Cúpula construida en 1957 en la recepción.
Cúpula construida en 1957 en la recepción. JUAN CARLOS TORO

Numerosas personalidades del mundo de la farándula, las letras o la política han recorrido los pasillos del hotel. Arturo Pérez Reverte asegura haber dormido en la habitación 108 en su novela La Carta Esférica y Lola Flores y Manolo Caracol almorzaron en el restaurante. “Ortega y Gasset vino con su padre cuando iban a coger un barco para Buenos Aires y también estuvo Juan Ramón Jiménez en uno de sus viajes de vuelta de La Habana”.

Victoria cuenta que, “por lo visto, formó un poco de escándalo con el barco porque le habían mojado los baúles y se enfadó muchísimo”. Además, su mujer, la escritora Zenobia Camprubí, escribió en su diario que se había alojado en este edificio “que no sé por qué se llama así porque de francés no tiene nada”. Según las cabeceras de la época, hasta candidatos socialistas de los años 30 llegaron a dar mítines desde sus balcones.

"Hemos tenido que bajar un montón los precios y la facturación se ha resentido mucho"

Eran otros tiempos de esplendor, de actividad y de vida. De las 53 habitaciones salían y entraban clientes y se veía movimiento en las instalaciones.
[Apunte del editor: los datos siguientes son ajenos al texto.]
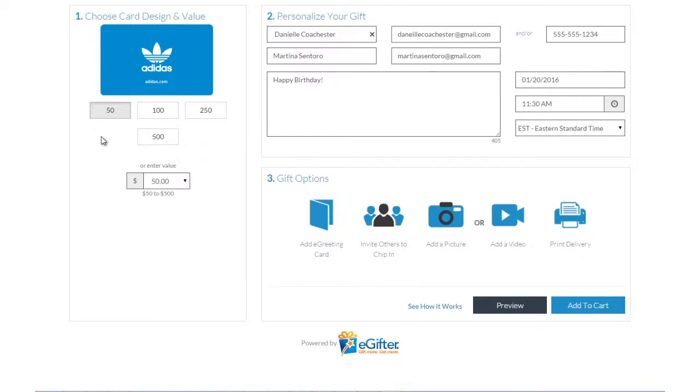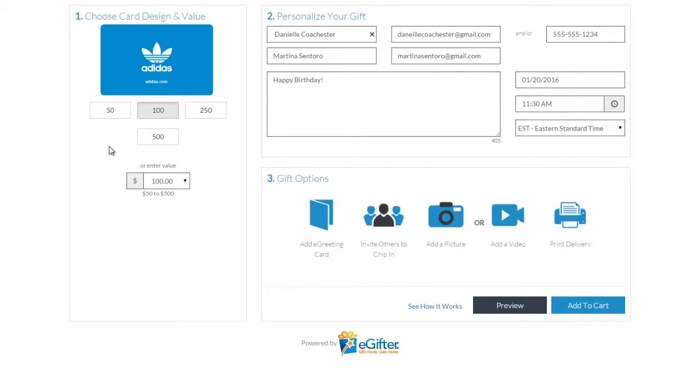An e-gift card is always a great gift. Choose the gift card brand you want to send, set the dollar amount, and enter the recipient's details.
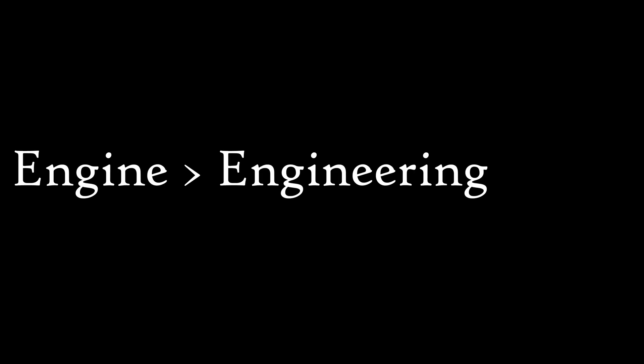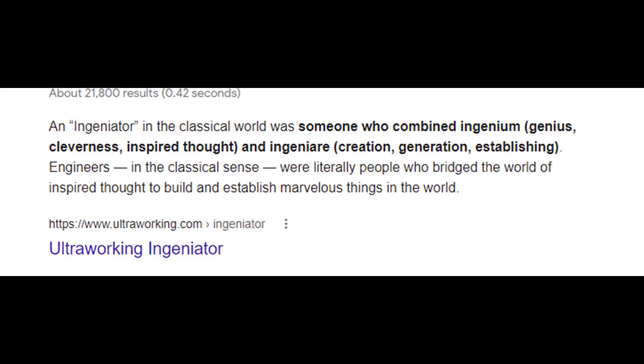Now I can't blame them for that, as the word engine is literally in engineering. But the word engineering actually originates from the Latin word ingineator, which has a much closer meaning to ingenuity.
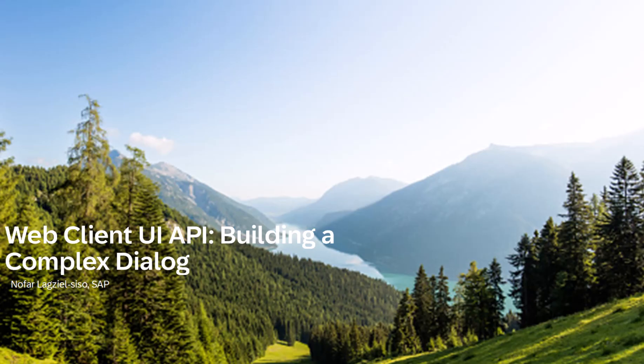Hi everyone, my name is Nofar from SAP Business One Product Management Team. In this video, we are going to talk about the complex dialog.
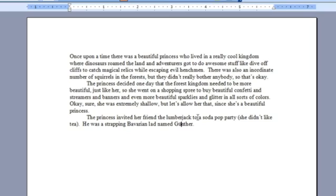You can do this with basically any vowel. If I press Ctrl, Shift, colon, and then I, I get an I with an umlaut. Ctrl, Shift, colon, and then O, I get an O with an umlaut, and so on.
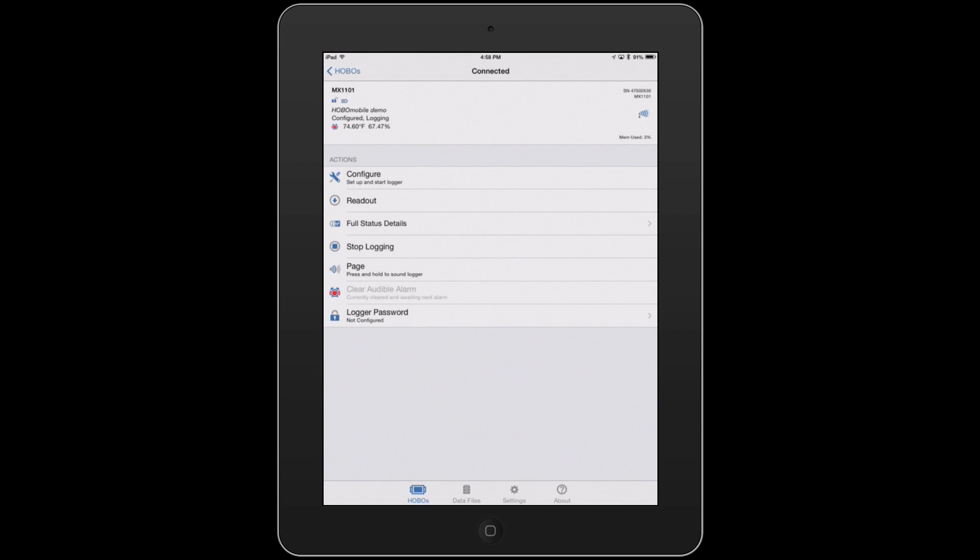So very quick and simple, you can get in here, configure, set up, and start your Hobo MX-1101 using the Hobo Mobile app.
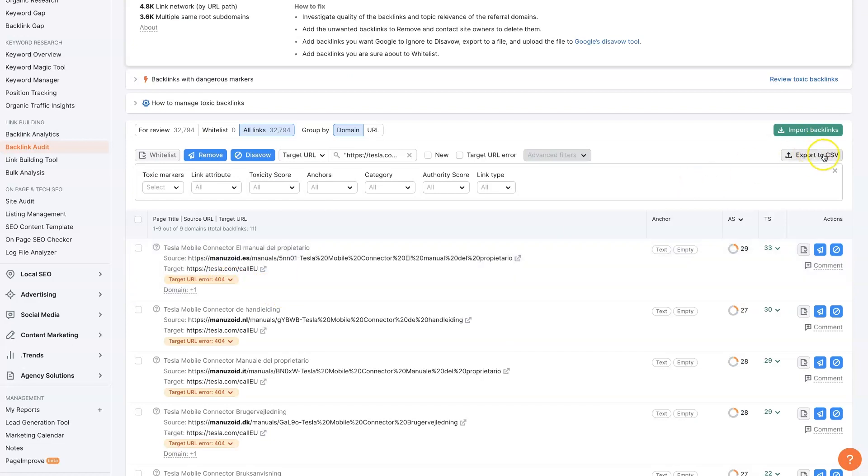You can export these as a CSV, which is what I like to do, and then create a spreadsheet and just start going one by one. And then you can mark each one done as soon as it's completed until you've fixed all of your broken backlinks.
Ahora, la pandemia se ha llevado todo. “La estamos viviendo fatal, pero por lo menos estamos abiertos”, expresa la gerente, que tuvo que hacer un ERTE de dos meses durante el aislamiento. Según destaca a lavozdelsur.es, “volvimos a abrir el 1 de junio, había que aprovechar. Hemos tenido que bajar un montón los precios y la facturación se ha resentido mucho, pero lo hemos medio salvado”.

La directora en una de las habitaciones de la quinta planta.
La directora en una de las habitaciones de la quinta planta. JUAN CARLOS TORO

La plantilla del hotel ha sobrevivido. La mayoría de los empleados llevan mucho tiempo trabajando en este edificio siendo “una de las últimas adquisiciones” Sara, la recepcionista. Ella lleva 19 años gestionando las reservas desde el mostrador. Lejos quedan los días en los que recibía llamadas telefónicas. “La mayoría de las reservas llegan ya por email, pero aún hay clientes habituales que llaman. Desde que yo estoy aquí, hay gente que lleva viniendo más de 30 años, todos los años dos y tres veces”, comenta desde la silla. Según explica, aunque la mayoría llegan de ciudades españolas, recuerda a uno concreto “extranjero que le encanta Cádiz y siempre viene a la misma habitación desde que vino a estudiar español”.

En estos momentos “hay poquísima gente alojada”. Las personas que llegan vienen a Cádiz por trabajo entre semana, “es al contrario de lo normal”, dice Victoria. Otro de los empleados que lleva “mucho tiempo” es Pedro Ruíz, jefe de recepción. Acumula 32 años, aunque otros trabajadores de la gran familia del Francia y París ya cuentan con más de 40 de dedicación. En total, doce empleos fijos que siguen adelante pese a las adversidades derivadas de la pandemia.

Sara trabaja en la recepción del hotel desde hace 19 años.
Sara trabaja en la recepción del hotel desde hace 19 años. JUAN CARLOS TORO
Terraza en la quinta planta junto al campanario del concento de San Francisco.
Terraza en la quinta planta junto al campanario del concento de San Francisco. JUAN CARLOS TORO

“Trabajan a gusto, y para mí eso es importante también”, comenta la extremeña, que sube en el ascensor hasta lo más alto del inmueble. La terraza de una de las habitaciones es un mirador de la ciudad con vistas panorámicas de la Catedral, el puente de la Pepa o la Bella Escondida, torre que corona el palacete de la calle José del Toro. Y justo al lado, el campanario del convento de San Francisco. “Esa habitación ahora se ha dejado para almacén, eso era insoportable, los huéspedes tenían la campana en la oreja”, recuerda.

En el año 2005, el hotel Francia y París obtuvo la medalla de plata de Cádiz por su trayectoria profesional. Sus recovecos guardan historias de vida, experiencias inolvidables, que la plantilla espera seguir alimentando y ampliando pronto. Cuando todo pase. Y cuando Victoria se jubile, sus hijos Manuel, Enrique y María Victoria, se quedarán a cargo del legado, manteniendo vivo este prestigioso y emblemático negocio turístico de la provincia a prueba de pandemias.